**ACTIVITY:** Return the data verbatim, without pictures.

═════ MATERIAL SUPPLIED

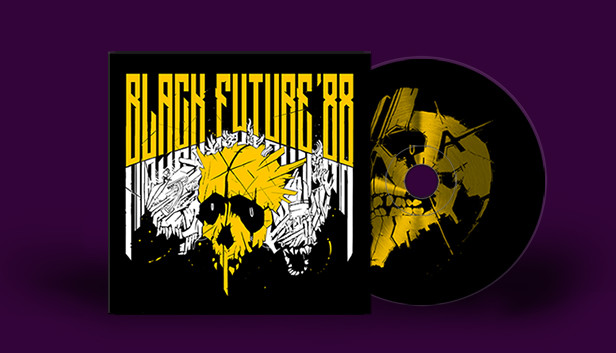 Black Future '88 - Soundtrack Steam capsule image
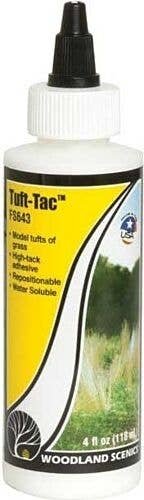 Tuft-Tac(TM) - Field System -- 4oz 355mL, All Scales, Woodland Scenics 643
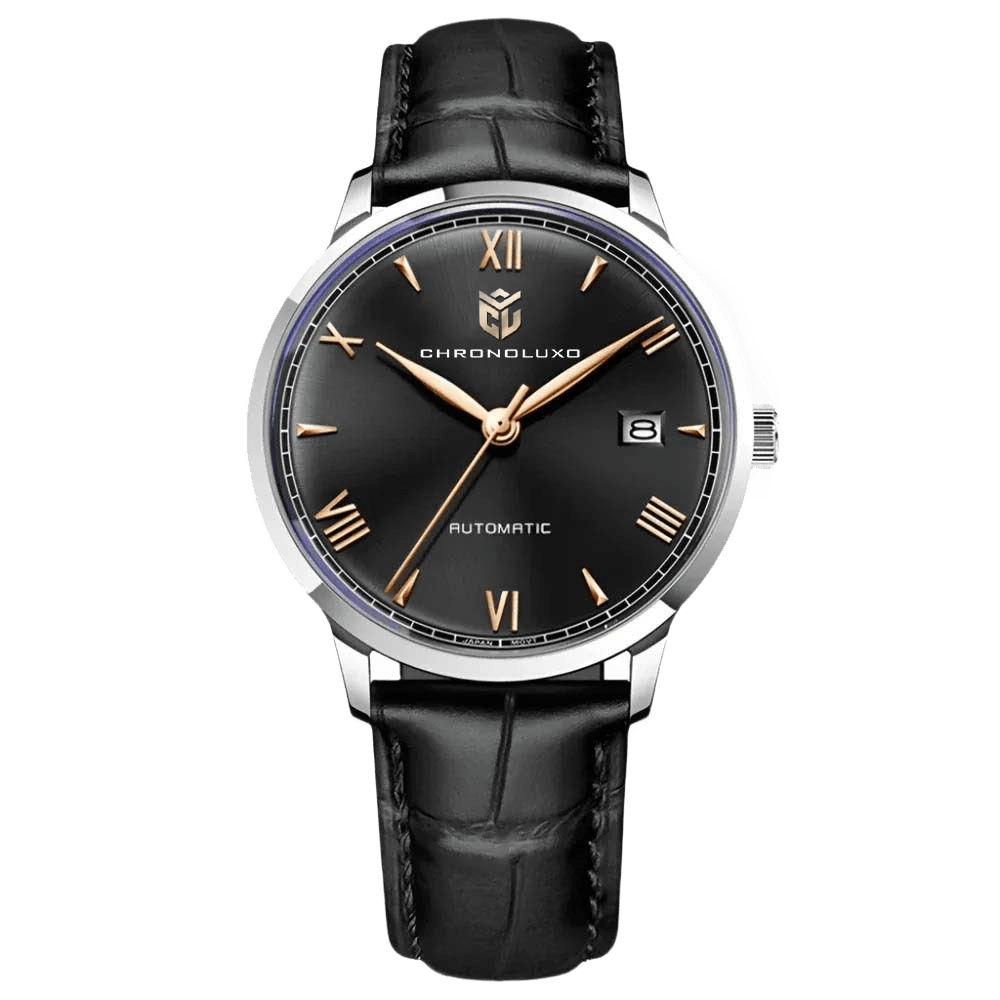CHRONOLUXO PD-1759 Black / Leather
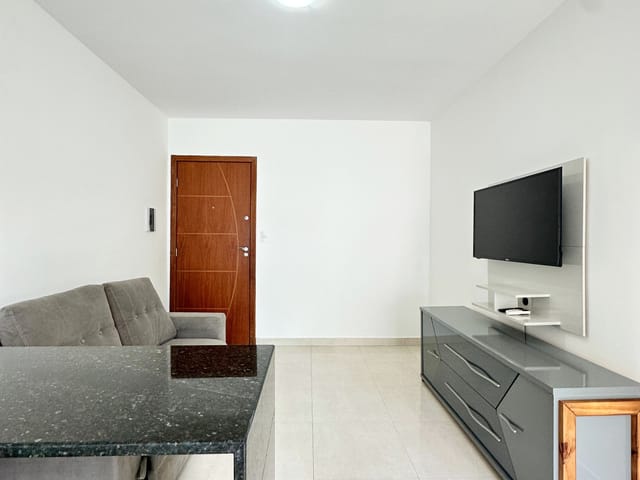 Foto do Flat - Apartamento mobiliado para locação com 1 quarto e uma vaga coberta, Itapoã, Belo Horizonte, MG | Deltalar Imóveis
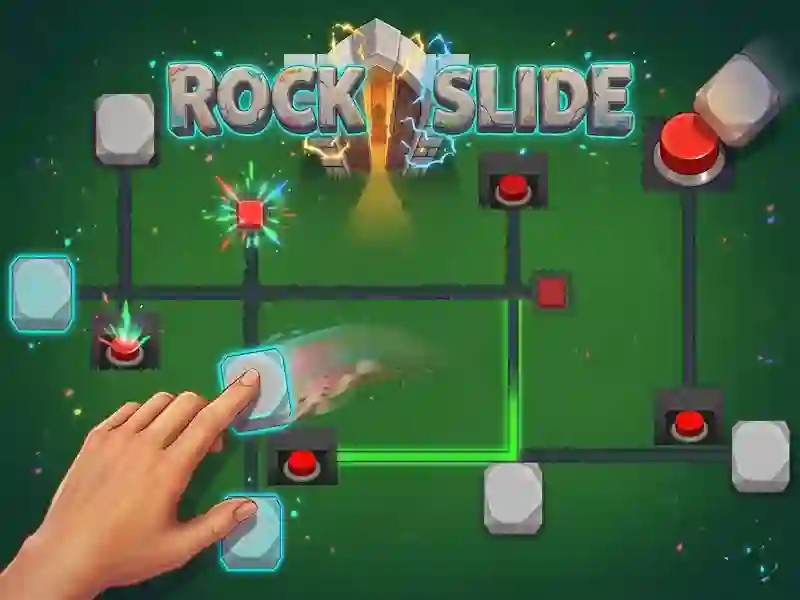 Rock Slide — безплатна онлайн игра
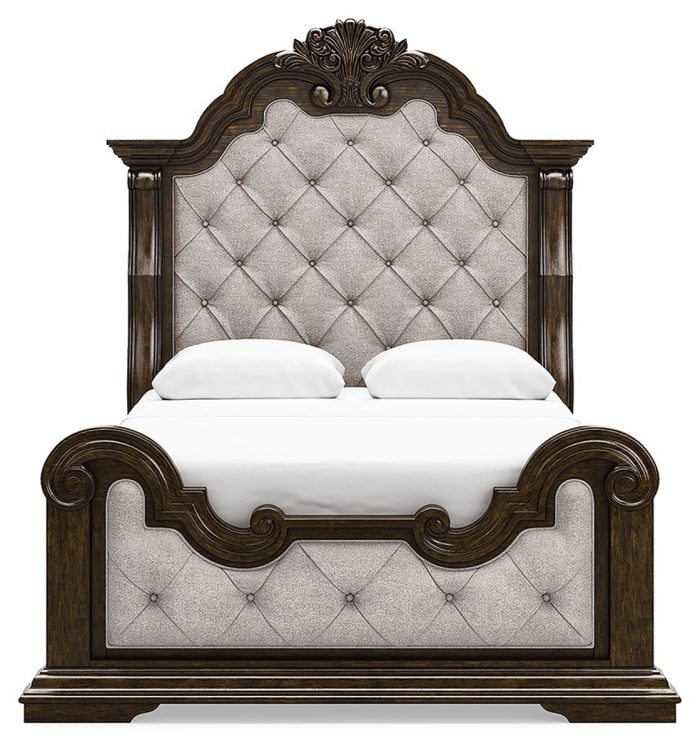 Maylee - Upholstered Bed - Image 3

══════════

**WRITTEN ANSWER:**
 Black Future '88 - Soundtrack Steam capsule image
 Tuft-Tac(TM) - Field System -- 4oz 355mL, All Scales, Woodland Scenics 643
CHRONOLUXO PD-1759 Black / Leather
 Foto do Flat - Apartamento mobiliado para locação com 1 quarto e uma vaga coberta, Itapoã, Belo Horizonte, MG | Deltalar Imóveis
 Rock Slide — безплатна онлайн игра
 Maylee - Upholstered Bed - Image 3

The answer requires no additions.